③育児休業給付(育休中の収入をサポート)
雇用保険から、育児休業中に支給される給付です。金額は次のとおりです。
| 期間 | 給付率(休業前賃金に対して) |
|---|---|
| 育休開始〜180日目 | 67% |
| 181日目以降 | 50% |
さらに2025年4月から「出生後休業支援給付」が創設されました。一定の要件(両親がそれぞれ一定期間の育休を取得するなど)を満たすと、育児休業給付に13%が上乗せされ、合計で休業前賃金の80%相当(最大28日間)が支給されます。社会保険料の免除などと合わせると、この期間は手取りでおおむね10割に近づく設計です。男性の育休取得を後押しする狙いがあります。
④児童手当(毎月の子育て支援)
出生後は児童手当の申請も忘れずに。2024年10月の拡充で、所得制限の撤廃・高校生年代までの拡大・第3子以降の増額などが行われました。詳しくは児童手当の仕組みと申請で解説しています。
もらい忘れを防ぐポイント
- 多くは「申請制」:出産手当金・育児休業給付・児童手当などは、自動では支給されません。

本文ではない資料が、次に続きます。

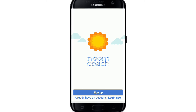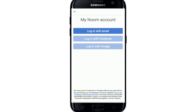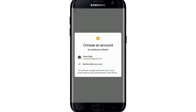Once you have an account, you can directly tap on the 'Login Now' button. On the next page, you have three options to log into your account: you can log in with your email, your Facebook, or your Google account. Since we are logging in with a Google account, tap on 'Login with Google.' Choose your Google account to continue, and once you tap on your account, you'll be logged into Noom.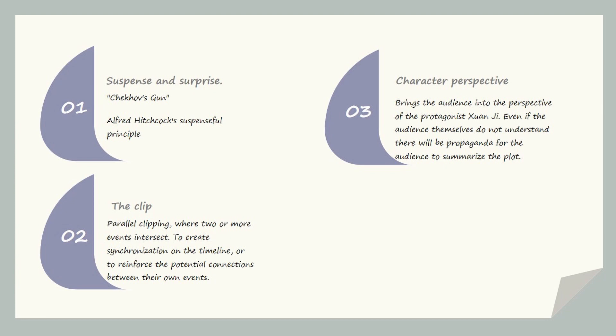Pouring Sorrow Into Fire, the story is very complex, ring by ring, and it uses Chekhov's gun and Alfred Hitchcock's suspenseful principle to give the audience a very strong sense of suspense and surprise. Whether it's writing or adapting, it's very demanding.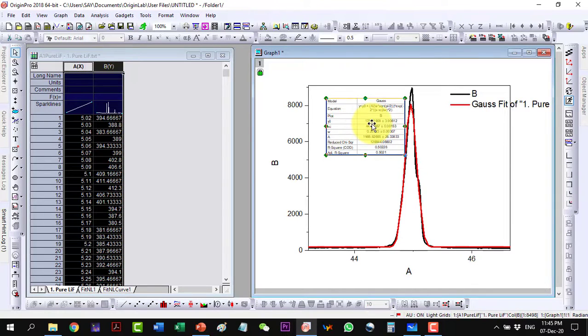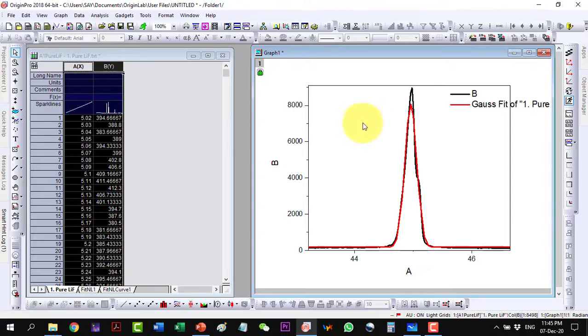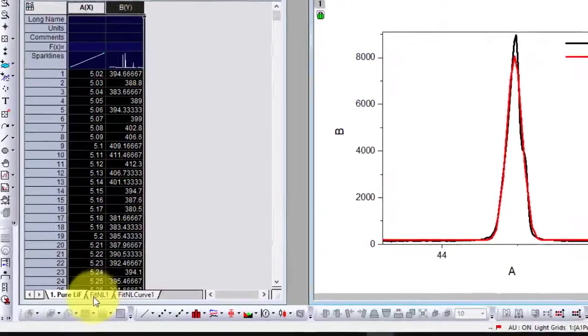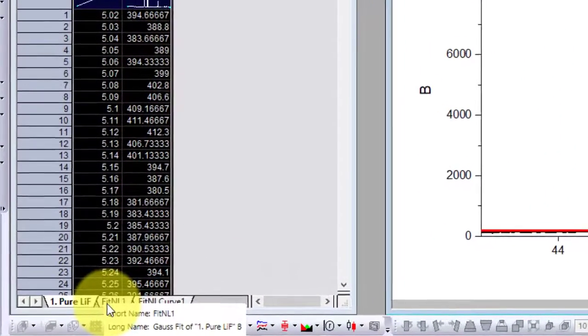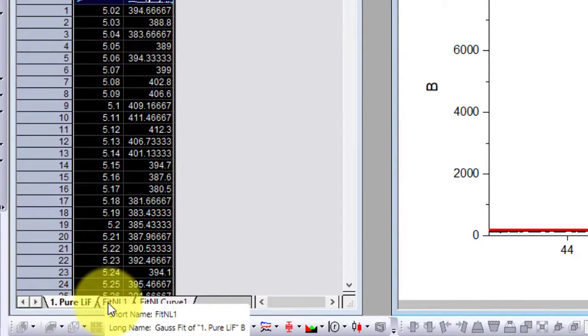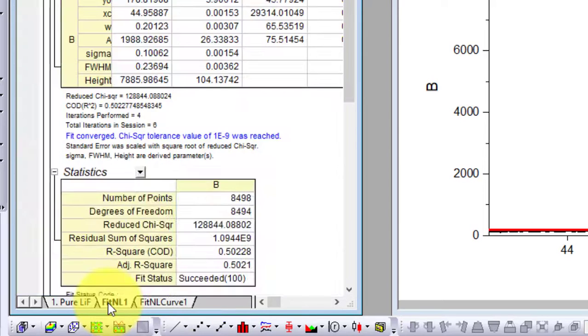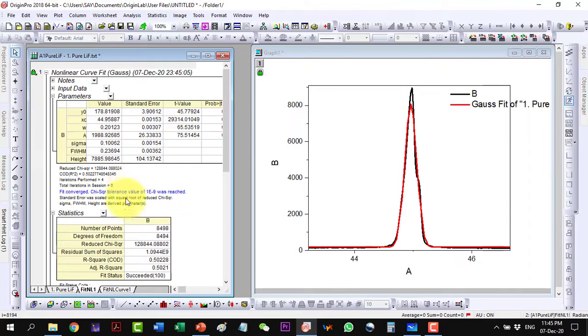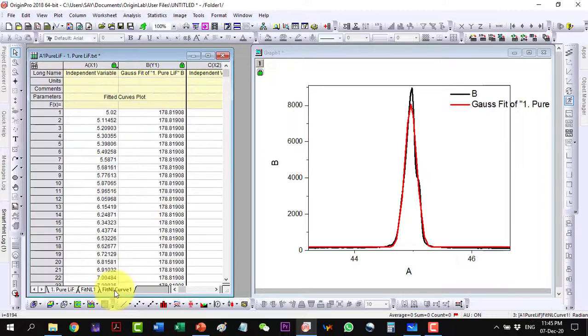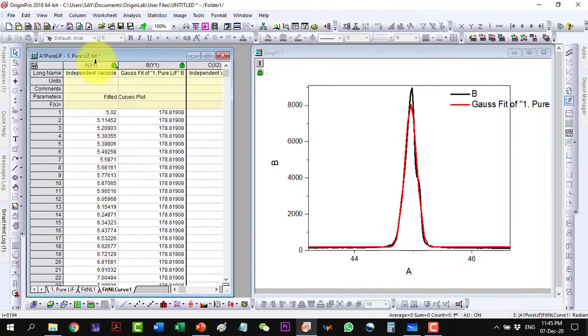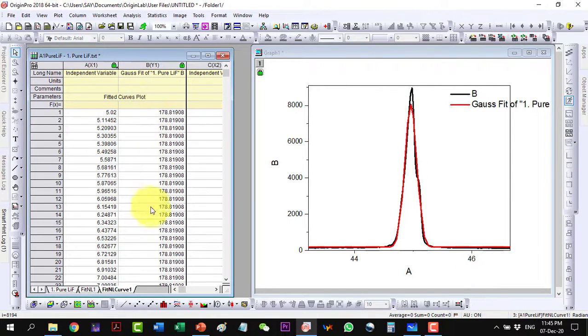This one is not required so let me delete this one and go to the FitNL1 sheet and here all the information is given and this is giving me the values of the plot.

- 窓口が分かれる:一時金・手当金は健康保険(勤務先や保険者)、育休給付は勤務先・ハローワーク、児童手当は自治体。
- 早めに勤務先へ相談:産休・育休の手続きは勤務先が関わるため、妊娠がわかった段階で相談しておくとスムーズです。
よくある質問(FAQ)
Q. 自営業(国民健康保険)でももらえますか?
A. 出産育児一時金と児童手当は対象ですが、出産手当金・育児休業給付は会社員などが対象で、原則として自営業の方は対象外です。
Q. 育児休業給付は父親も受け取れますか?
A. 受け取れます。雇用保険に加入し、要件を満たせば父親も対象です。2025年4月の出生後休業支援給付は、夫婦での育休取得を後押しする制度です。
Q. 出産費用が一時金の50万円を超えたらどうなりますか?
A. 超えた分は自己負担になります。逆に50万円未満で済んだ場合は、差額を受け取れます。
まとめ
出産・育児では、出産育児一時金・出産手当金・育児休業給付・児童手当が主な給付です。多くは申請が必要で、窓口も分かれます。妊娠がわかったら早めに勤務先・自治体に相談し、取りこぼしを防ぎましょう。手続き全体は出産〜入園の手続きとお金カレンダーで確認できます。
注記:本記事は一般的な情報提供であり、個別の助言ではありません。金額・要件・上限・期限は制度改正や加入先(健康保険・雇用保険)、勤務先の規定により異なります。厚生労働省・ハローワーク・加入している健康保険・お住まいの自治体の公式情報を必ずご確認ください。情報は2026年9月時点のものです。